During the Town Hall meeting on November 10, most residents questioned Mayor Shing-Fu Hsueh about the process for redeveloping the Princeton Junction Train Station, which hinges on council approval of more funding needed for consultants to study the area.##M:[more]##
Hsueh took it as another opportunity to express his concern that the project could become a dead issue if council doesn’t provide that funding — and without restrictions on what those consultants can study.
Resident Bill Benfer told the mayor that he felt the workshops conducted by Hillier were poorly done, and perhaps that’s why the process isn’t where the mayor would like it to be.

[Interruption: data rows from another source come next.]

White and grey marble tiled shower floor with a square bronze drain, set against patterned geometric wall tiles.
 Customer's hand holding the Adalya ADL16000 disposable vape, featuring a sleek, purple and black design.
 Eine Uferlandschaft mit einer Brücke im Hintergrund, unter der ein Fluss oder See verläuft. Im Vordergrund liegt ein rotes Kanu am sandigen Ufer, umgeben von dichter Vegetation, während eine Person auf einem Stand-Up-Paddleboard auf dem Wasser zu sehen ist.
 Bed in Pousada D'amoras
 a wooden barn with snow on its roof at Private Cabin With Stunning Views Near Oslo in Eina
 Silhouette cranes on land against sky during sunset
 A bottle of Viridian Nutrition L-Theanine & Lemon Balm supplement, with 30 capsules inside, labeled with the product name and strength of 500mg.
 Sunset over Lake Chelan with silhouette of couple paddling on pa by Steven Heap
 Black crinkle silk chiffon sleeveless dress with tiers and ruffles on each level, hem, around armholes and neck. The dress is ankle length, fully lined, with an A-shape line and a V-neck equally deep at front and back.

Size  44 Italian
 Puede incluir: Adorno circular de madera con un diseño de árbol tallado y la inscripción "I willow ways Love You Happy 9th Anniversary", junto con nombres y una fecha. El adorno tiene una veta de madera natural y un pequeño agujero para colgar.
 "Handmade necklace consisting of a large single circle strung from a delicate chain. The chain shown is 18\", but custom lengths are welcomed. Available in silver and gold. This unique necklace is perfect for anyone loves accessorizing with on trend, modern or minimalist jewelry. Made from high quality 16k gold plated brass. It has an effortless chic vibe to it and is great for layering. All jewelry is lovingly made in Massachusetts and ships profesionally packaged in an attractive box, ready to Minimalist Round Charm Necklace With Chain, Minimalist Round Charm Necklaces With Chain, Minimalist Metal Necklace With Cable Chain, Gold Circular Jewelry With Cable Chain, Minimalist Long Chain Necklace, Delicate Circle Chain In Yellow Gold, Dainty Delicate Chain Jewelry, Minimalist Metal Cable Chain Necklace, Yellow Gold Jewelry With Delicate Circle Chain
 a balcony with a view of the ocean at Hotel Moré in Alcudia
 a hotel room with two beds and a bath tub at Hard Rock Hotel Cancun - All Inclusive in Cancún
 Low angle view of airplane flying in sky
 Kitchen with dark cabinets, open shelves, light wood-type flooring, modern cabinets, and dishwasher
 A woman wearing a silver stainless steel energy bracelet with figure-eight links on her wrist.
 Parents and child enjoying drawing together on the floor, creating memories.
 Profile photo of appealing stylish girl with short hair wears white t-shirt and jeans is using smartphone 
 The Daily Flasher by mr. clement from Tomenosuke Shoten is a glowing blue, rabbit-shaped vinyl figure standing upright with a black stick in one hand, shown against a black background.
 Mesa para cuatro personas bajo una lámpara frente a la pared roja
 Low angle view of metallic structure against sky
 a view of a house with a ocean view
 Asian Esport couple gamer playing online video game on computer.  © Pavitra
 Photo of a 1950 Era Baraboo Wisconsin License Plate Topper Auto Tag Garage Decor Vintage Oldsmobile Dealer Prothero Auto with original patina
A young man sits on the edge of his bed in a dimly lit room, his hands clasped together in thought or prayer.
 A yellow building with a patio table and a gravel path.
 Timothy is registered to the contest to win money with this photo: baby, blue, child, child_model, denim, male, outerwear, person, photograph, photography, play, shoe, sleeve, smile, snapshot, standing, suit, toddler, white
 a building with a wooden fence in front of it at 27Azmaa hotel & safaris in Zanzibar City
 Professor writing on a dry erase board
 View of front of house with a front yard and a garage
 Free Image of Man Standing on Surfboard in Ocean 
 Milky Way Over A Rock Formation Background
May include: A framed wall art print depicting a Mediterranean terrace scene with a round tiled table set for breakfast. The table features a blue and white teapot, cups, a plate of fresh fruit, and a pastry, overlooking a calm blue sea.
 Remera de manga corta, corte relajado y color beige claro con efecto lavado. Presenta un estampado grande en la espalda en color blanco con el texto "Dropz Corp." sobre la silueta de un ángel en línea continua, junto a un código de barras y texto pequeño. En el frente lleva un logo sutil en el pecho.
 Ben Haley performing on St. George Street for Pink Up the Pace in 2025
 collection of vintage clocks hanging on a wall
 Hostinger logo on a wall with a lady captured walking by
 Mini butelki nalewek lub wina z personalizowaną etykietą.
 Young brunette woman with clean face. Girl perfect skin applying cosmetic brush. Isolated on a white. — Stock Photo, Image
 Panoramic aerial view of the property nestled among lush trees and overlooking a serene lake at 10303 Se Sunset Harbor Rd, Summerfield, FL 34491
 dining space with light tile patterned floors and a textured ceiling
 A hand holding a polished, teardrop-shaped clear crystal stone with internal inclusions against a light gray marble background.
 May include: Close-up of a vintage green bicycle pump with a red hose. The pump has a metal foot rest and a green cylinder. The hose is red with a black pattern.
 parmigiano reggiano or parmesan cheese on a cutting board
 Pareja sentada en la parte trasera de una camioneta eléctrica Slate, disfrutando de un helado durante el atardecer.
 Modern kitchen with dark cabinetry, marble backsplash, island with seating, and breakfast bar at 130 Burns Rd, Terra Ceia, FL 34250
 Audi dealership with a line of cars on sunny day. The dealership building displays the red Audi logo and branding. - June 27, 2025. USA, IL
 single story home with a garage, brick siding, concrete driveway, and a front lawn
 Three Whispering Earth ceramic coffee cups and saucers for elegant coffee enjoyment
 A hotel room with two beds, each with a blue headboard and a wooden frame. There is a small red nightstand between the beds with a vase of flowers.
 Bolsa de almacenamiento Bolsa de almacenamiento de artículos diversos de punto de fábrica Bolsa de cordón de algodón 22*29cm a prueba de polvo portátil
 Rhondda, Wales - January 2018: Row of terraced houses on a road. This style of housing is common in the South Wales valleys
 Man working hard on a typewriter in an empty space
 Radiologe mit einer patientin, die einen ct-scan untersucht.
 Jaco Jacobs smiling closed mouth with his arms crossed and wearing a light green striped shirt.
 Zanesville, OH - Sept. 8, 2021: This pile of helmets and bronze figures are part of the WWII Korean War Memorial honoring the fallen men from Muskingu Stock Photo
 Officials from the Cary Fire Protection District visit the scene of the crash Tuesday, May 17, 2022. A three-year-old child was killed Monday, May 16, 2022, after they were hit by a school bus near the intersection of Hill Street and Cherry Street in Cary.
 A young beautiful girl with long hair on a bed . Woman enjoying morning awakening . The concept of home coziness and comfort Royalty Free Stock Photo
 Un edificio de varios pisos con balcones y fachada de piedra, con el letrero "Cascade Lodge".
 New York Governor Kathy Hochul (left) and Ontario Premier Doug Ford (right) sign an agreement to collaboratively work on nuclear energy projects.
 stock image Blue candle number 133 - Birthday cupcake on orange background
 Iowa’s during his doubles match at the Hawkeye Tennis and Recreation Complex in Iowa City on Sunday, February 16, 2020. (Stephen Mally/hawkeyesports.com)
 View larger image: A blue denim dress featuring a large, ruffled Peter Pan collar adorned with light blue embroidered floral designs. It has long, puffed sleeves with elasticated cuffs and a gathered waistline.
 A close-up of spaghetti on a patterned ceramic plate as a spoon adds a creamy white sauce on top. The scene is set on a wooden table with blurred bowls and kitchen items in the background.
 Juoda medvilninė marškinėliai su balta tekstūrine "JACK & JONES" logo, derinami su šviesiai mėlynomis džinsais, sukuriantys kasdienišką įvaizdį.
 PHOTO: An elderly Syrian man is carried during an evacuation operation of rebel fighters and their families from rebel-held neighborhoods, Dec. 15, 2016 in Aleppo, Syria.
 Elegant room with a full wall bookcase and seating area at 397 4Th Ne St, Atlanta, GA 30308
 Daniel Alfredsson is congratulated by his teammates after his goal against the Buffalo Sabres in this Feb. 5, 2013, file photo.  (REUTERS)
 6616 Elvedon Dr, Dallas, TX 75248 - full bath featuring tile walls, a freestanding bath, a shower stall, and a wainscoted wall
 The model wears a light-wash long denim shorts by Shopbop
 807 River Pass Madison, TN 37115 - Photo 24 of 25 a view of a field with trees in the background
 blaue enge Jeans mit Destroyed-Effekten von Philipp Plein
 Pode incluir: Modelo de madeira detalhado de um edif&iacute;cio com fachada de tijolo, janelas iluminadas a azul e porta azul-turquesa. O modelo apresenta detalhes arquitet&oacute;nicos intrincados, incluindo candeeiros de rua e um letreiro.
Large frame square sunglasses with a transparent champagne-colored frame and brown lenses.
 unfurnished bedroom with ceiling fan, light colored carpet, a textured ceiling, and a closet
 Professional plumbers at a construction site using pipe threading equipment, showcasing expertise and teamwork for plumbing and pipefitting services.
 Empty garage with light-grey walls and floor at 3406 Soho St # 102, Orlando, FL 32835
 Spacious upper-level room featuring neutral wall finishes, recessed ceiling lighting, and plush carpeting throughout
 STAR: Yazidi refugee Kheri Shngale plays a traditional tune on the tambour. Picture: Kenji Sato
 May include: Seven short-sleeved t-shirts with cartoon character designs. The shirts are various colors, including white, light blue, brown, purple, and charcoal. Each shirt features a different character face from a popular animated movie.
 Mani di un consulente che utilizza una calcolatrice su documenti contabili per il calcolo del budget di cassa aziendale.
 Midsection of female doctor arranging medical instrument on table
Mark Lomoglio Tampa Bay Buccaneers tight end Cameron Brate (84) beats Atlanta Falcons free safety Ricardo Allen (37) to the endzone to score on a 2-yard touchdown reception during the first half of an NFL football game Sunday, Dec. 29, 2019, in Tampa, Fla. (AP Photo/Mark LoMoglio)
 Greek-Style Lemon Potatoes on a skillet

“Having attended those, I agree with many people that there wasn’t sufficient time allowed for feedback,” Benfer said, adding that the workshops left the impression that the plan would go through without attention paid to public input.
Hsueh told residents that according to the Hillier contract, phase one of the process was supposed to involve information gathering and generating ideas for the area. In the second phase, Hillier was supposed to gather input from the public and have direct dialogue with the council and Planning Board.
“At the end, council was supposed to give Hillier direction, and that was supposed to be what we were supposed to do,” Hsueh said. “But council decided to cancel all of these meetings, so we never got to that point.”
He said that because council was not satisfied with the work from Hillier, it instead chose to have a second look at the project. It voted to send the responsibility to the Planning Board to create a redevelopment plan for the project and have professional consultants study the area. Now it’s up to the council to provide the funding for those consultants’ proposals, and council has already indicated it may limit what those consultants can study.
Benfer asked him what would happen if the council decides not to fund the study or fund it without limiting the study’s scope.
“What I’m saying here is if council agreed to schedule a meeting after the June 4 (Hillier) presentation, that would be based on the original scope of services,” Hsueh said. “If they find money to do that with constraints, it will straight-jacket the whole process,” Hsueh added, echoing a statement he made to the council during a special redevelopment meeting just days before. “This is going to be mission impossible.”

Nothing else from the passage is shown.